The problem with this approach is that it obfuscates re-use of CSS. For
example, I might want to re-use the table_list
styling but since it's a child of table_list_region
, I can't
(at least not without a table_list_region
container).
However, I can certainly outdent the styling:
.table_list_region
width: 240px
height: 700px
float: left
p
text-align: left
margin-bottom: 2px
.table_list
text-align: left
... etc ...
without affecting the structure of the Slim markup. Now <ocde>table_list is
accessible inside the container as well as reusable by other containers. Unfortunately, I
have worked on at least one major open source project in which the developers
chose not to promote styling re-use, resulting in complex Sass structures in
which one has to follow the hiearchy of the Slim exactly to locate the
styling that I wanted to change. Don't do this unless your styling is
truly specific to its container context!
Will_paginate
This is an amazing
gem that paginates your data and provides a variety of pre-existing styling and
also the ability to customize the styling of the pagination bar. And of
course, one of the advantages of using pagination is that for tables with large
numbers of records, only the records for that page are returned from the
database, greatly improving usability.
The Code
I'm not going to go into every detail of the code, but I will point out some
of the more interesting features.
This class (schema.rb) encapsulates the static functions we need for
connecting to SQL Server directly and obtaining schema information and thus
relies on the TinyTDS gem for the direct SQL connection. The
main workhorse is this function:
def self.execute(sql)
client = create_db_client
result = client.execute(sql)
records = result.each(as: :array, symbolize_keys: true)

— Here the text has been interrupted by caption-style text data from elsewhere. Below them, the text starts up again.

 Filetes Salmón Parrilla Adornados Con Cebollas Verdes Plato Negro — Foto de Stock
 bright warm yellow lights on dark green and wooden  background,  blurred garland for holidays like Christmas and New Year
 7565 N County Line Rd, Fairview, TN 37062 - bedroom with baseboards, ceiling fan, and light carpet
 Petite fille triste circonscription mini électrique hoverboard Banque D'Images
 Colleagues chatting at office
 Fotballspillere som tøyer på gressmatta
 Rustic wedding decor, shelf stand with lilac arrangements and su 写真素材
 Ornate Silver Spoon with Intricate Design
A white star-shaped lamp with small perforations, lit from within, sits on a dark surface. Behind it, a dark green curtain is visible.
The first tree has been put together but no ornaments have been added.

array = convert_to_array_of_hashes(result.fields, records)
array
end
We rely on these helper methods (helpers\my_utils.rb) to create a client
connection:
# create a client connection.
def create_db_client
config = get_current_database_config
config_as_symbol = symbolize_hash_key(config)
client = TinyTds::Client.new(config_as_symbol)
client
end
# Returns the current database config has a dictionary of string => string
def get_current_database_config
Rails.configuration.database_configuration[Rails.env]
end
# Given a dictionary of string => string, returns :symbol => string
# Example: config_as_symbol = symbolize_hash_key(config)

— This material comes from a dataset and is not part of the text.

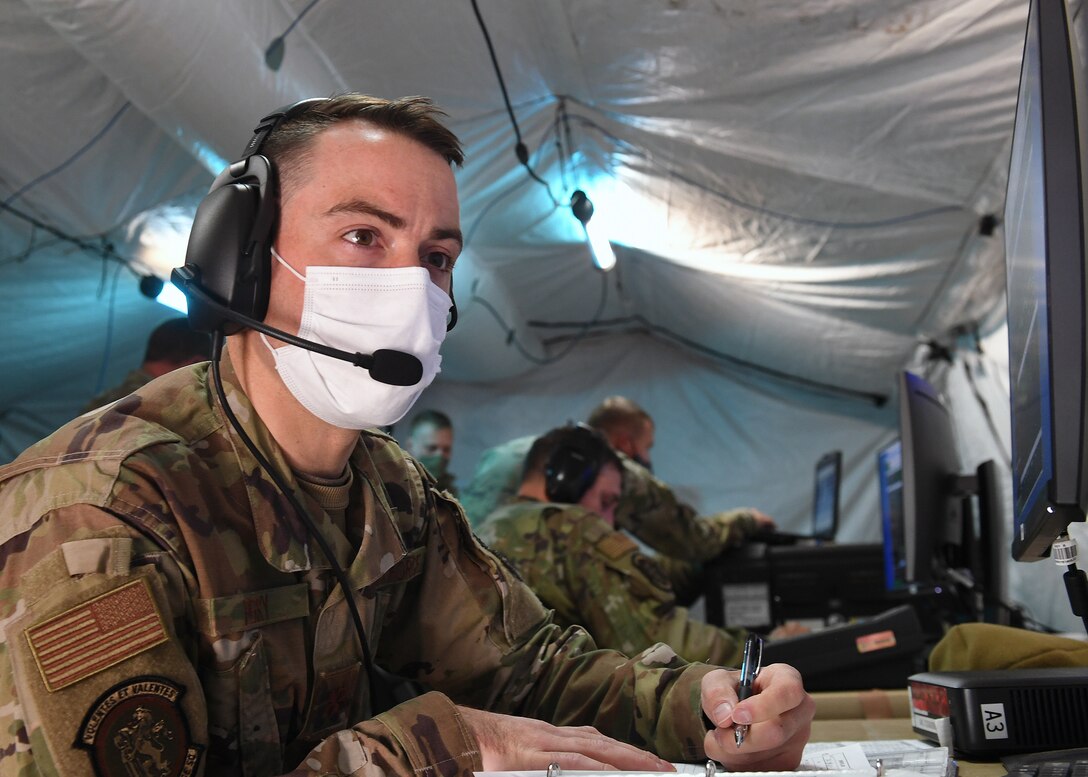 Maj. Dominic Perry, 379th Space Range Squadron, is Range Controlling during his first shift of Space Range Operations during the 379th SRS Field Training Exercise, Sept. 10-13, 2020, at the United States Air Force Academy's Field Engineering Readiness Laboratory, Colorado. (U.S. Air Force photo by Dennis Rogers)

def symbolize_hash_key(hash)
hash.each_with_object({}){|(k,v), h| h[k.to_sym] = v}
end
Once the records are returned from TinyTDS, I want to package them into an
array of hashes (field => value) so that there's a consistent representation of
the resulting data. This requires a couple post-processing functions:
# Convert the array of records from the TinyTDS query into an array of hashes, where
# the keys are the field names.
def self.convert_to_array_of_hashes(fields, records)
array = []
records.each { |record|
dict = hash_from_key_value_arrays(fields, record)
array << dict
}
array
end
# Given two arrays of equal length, 'keys' and 'values', returns a hash of key => value
def hash_from_key_value_arrays(keys, values)
Hash[keys.zip values]
end
Schema Queries
We can now define the three functions that we need for our Spider UI:
- get_user_tables
- get_parent_table_info_for
- get_child_table_info_for
In the last two functions, we replace the string "[table]" with the table
name before executing the query:
sql.sub!('[table]', table_name.partition('.')[2])

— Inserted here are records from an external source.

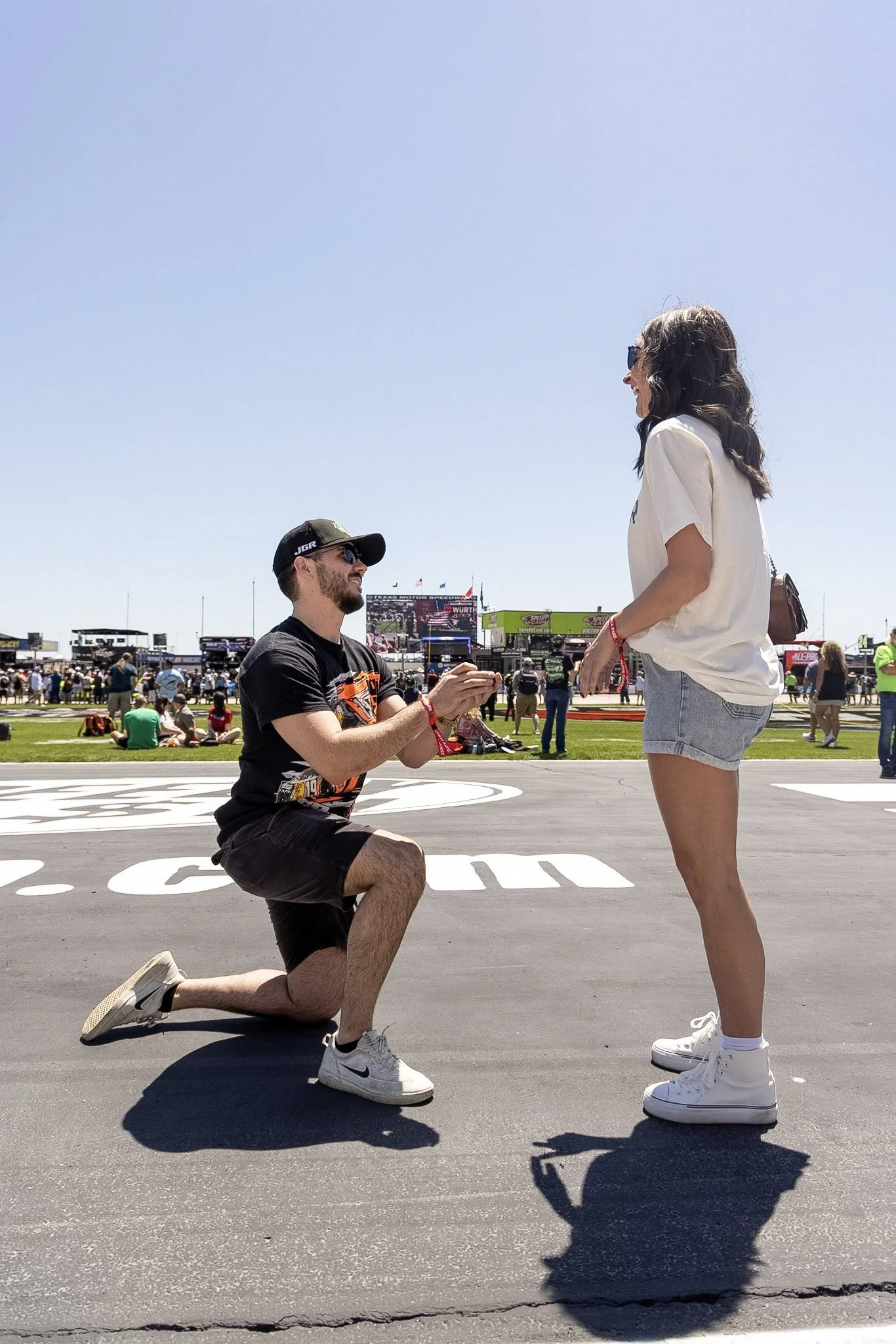 A man is kneeling on one knee, proposing to a woman who is standing in front of him at a race track. The man is wearing a black t-shirt, shorts, white sneakers, sunglasses, and a cap. The woman is smiling, wearing sunglasses, a white t-shirt, denim s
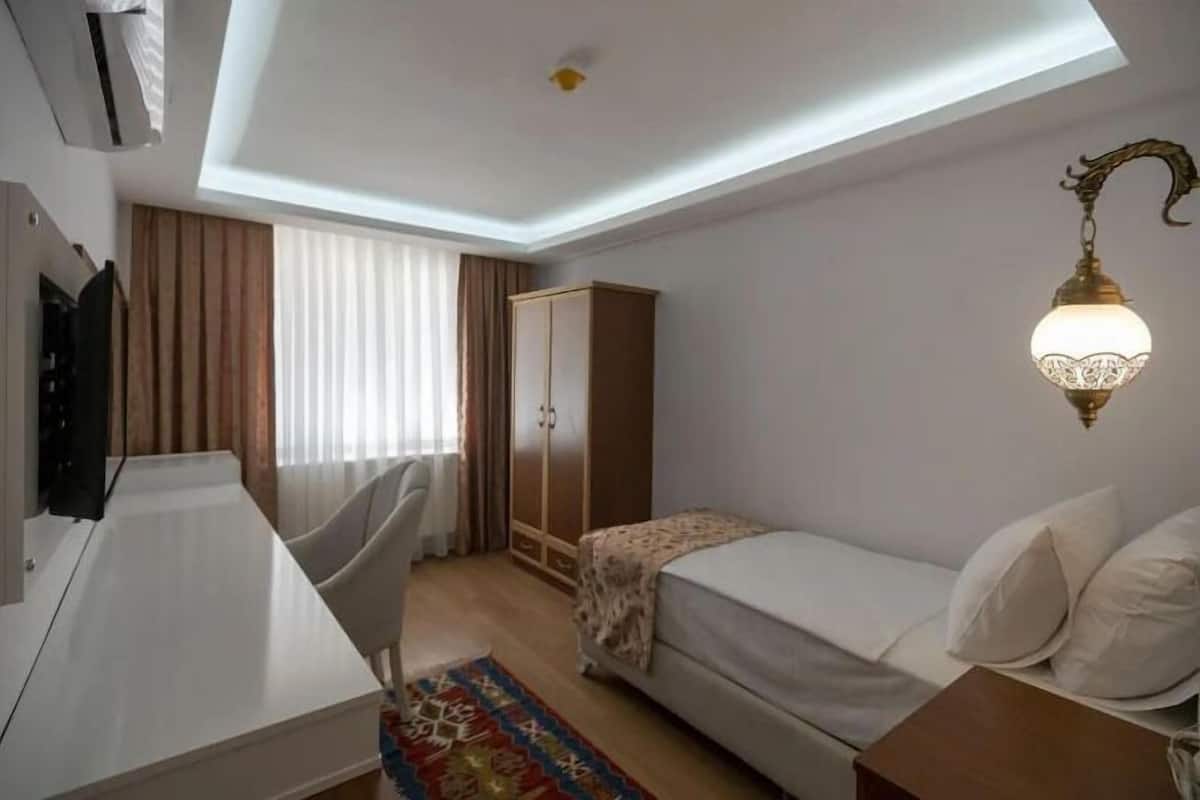 Una camera d'albergo con un letto, una scrivania, un armadio e una lampada a soffitto.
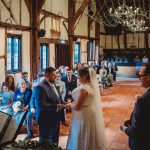 Bride and groom exchanging vows in rustic venue.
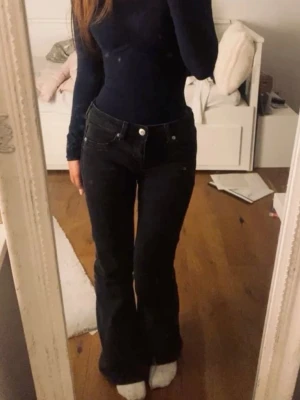Svarta flared jeans med hög midja - Säljer ett par svarta jeans med hög midja och flared ben. Jeansen har klassiska fem fickor, bälteshällor och silverfärgade knappar. Materialet ser ut att vara stretchigt denim för en bekväm passform. Perfekta till en trendig vardagslook.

What we're not dealing with at the moment is that the table name being passed
in is fully qualified (it includes also the schema name) but the query doesn't
pay attention to the schema name, hence we need to extract just the table name
from the parameter value. This is one of those "TODO" items for a later
date.
These functions rely on our storing the actual queries in a "queries.yml"
file, which is a hierarchical file similar to XML in concept but very different
in implementation. In this file, we store our schema queries:
Schema:
user_tables: "
select
s.name + '.' + o.name as table_name
from
sys.objects o
left join sys.schemas s on s.schema_id = o.schema_id
where
type_desc = 'USER_TABLE'"
get_parents: "
SELECT
f.parent_object_id as ChildObjectID,
SCHEMA_NAME(f.schema_id) SchemaName,
OBJECT_NAME(f.parent_object_id) TableName,
COL_NAME(fc.parent_object_id,fc.parent_column_id) ColName,
SCHEMA_NAME(ref.schema_id) ReferencedSchemaName,
OBJECT_NAME(f.referenced_object_id) ReferencedTableName,
COL_NAME(fc.referenced_object_id, fc.referenced_column_id) ReferencedColumnName
FROM
sys.foreign_keys AS f
INNER JOIN sys.foreign_key_columns AS fc ON f.OBJECT_ID = fc.constraint_object_id
INNER JOIN sys.tables t ON t.object_id = fc.referenced_object_id
INNER JOIN sys.tables ref ON ref.object_id = f.referenced_object_id
WHERE
OBJECT_NAME (f.parent_object_id) = '[table]'"
get_children: "
SELECT
f.parent_object_id as ChildObjectID,
SCHEMA_NAME(f.schema_id) SchemaName,
OBJECT_NAME(f.parent_object_id) TableName,
COL_NAME(fc.parent_object_id,fc.parent_column_id) ColName,
SCHEMA_NAME(ref.schema_id) ReferencedSchemaName,
OBJECT_NAME(f.referenced_object_id) ReferencedTableName,
COL_NAME(fc.referenced_object_id, fc.referenced_column_id) ReferencedColumnName
FROM
sys.foreign_keys AS f
INNER JOIN sys.foreign_key_columns AS fc ON fc.constraint_object_id = f.OBJECT_ID
INNER JOIN sys.tables t ON t.OBJECT_ID = fc.referenced_object_id
INNER JOIN sys.tables ref ON ref.object_id = f.referenced_object_id
WHERE
OBJECT_NAME (f.referenced_object_id) = '[table]'"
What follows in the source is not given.